Step 4: Model unit costs and gross margin
Create COGS variables per SKU or SKU group, for example:
COGS - SKU Key 1.
COGS - SKU Group Tail.
COGS - Product Family B.
Link them to drivers such as:
Unit Cost per SKU (landed cost including freight and duties).
Additional variable costs per order or per shipment.
Supplier rebate or discount schemes expressed as effective cost reductions.
Formula examples:
COGS - SKU Key 1 = Units Sold - SKU Key 1 × Unit Cost per Unit - SKU Key 1.
Where you have supplier rebates based on volume or spend, approximate their effect as an adjustment to effective unit cost in the forecast.
Gross margin can then be analysed as:
Gross Margin per SKU = Revenue per SKU minus COGS per SKU.
Gross Margin Percentage per SKU = Gross Margin per SKU divided by Revenue per SKU.
Use dashboards and reports to view gross margin by product family, SKU, customer or channel.
Step 5: Introduce mix and seasonality
To understand mix effects, create drivers that allocate total demand between SKUs or SKU groups, for example:
Mix Percentage - Key SKUs vs Tail SKUs.
Mix by Channel for each product family.
Seasonal multipliers per month or quarter.
Implement total demand drivers such as:
Total Units - Product Family A.
Mix Split - Key 1, Key 2, Tail.
Then compute units per SKU using:
Units - SKU Key 1 = Total Units - Family A × Mix Percentage - SKU Key 1.
Apply seasonality via multiplicative factors that adjust units per period. This lets you see how product mix and seasonality interact in different scenarios.
Step 6: Calibrate to historical data
To ensure the model is credible:
Import historical revenue and COGS per SKU family or SKU where data is available.
Use these to calibrate unit prices, discounts, unit costs and mix drivers.
Reconcile historical periods so that model outputs align with reported P&L.

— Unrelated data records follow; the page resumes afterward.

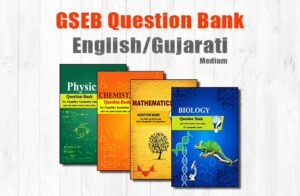GSEB Question Bank - Gujarat Board 12th Science HSC Question Bank in Gujarati & English Medium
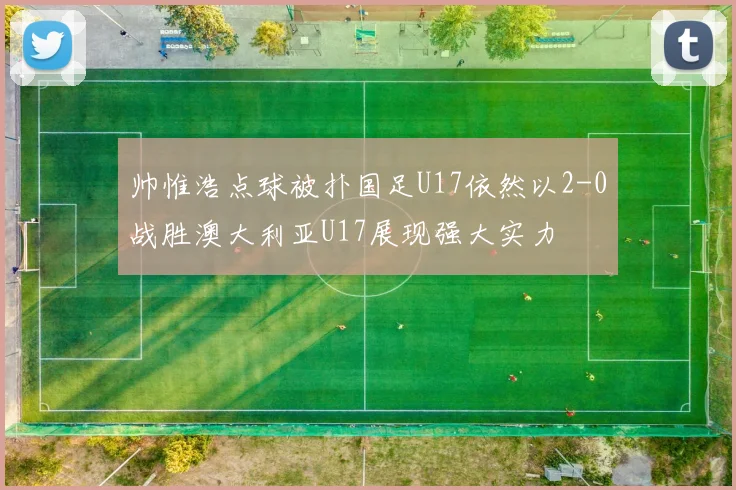 帅惟浩点球被扑国足U17依然以2-0战胜澳大利亚U17展现强大实力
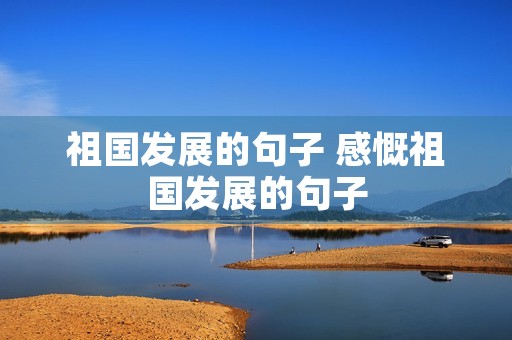 祖国发展的句子 感慨祖国发展的句子 祖国发展的句子 感慨祖国发展的句子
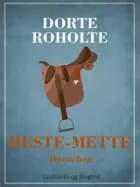 Heste-Mette af Dorte Roholte
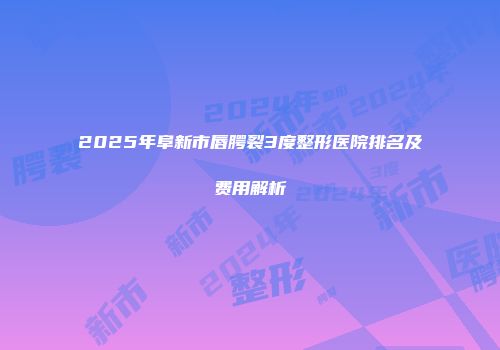 2025年阜新市唇腭裂3度整形医院排名及费用解析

This gives you a defensible starting point for forward looking SKU and margin forecasts.
Step 7: Use scenarios for pricing, cost and mix strategies
Clone the base model into scenario models to test:
Price increases by SKU family or region.
Changes in discount policies.
Cost inflation or changes in supplier terms.
Shifts in product mix toward higher or lower margin SKUs.
New product introductions or product retirements.
In each scenario, adjust:
Unit price and discount drivers.
Unit cost drivers.
Mix and volume drivers.
Then compare scenarios using:
Gross margin by product, customer or channel.
Total gross profit and EBITDA.
Cash and working capital when combined with inventory models.
Valuation metrics where relevant.
Check your work
SKU and product groupings balance precision with maintainability.
Price, discount and cost assumptions reconcile with historical data and commercial plans.
Gross margin profiles match internal expectations by product and customer.
Scenario results are intuitive to both commercial and finance teams.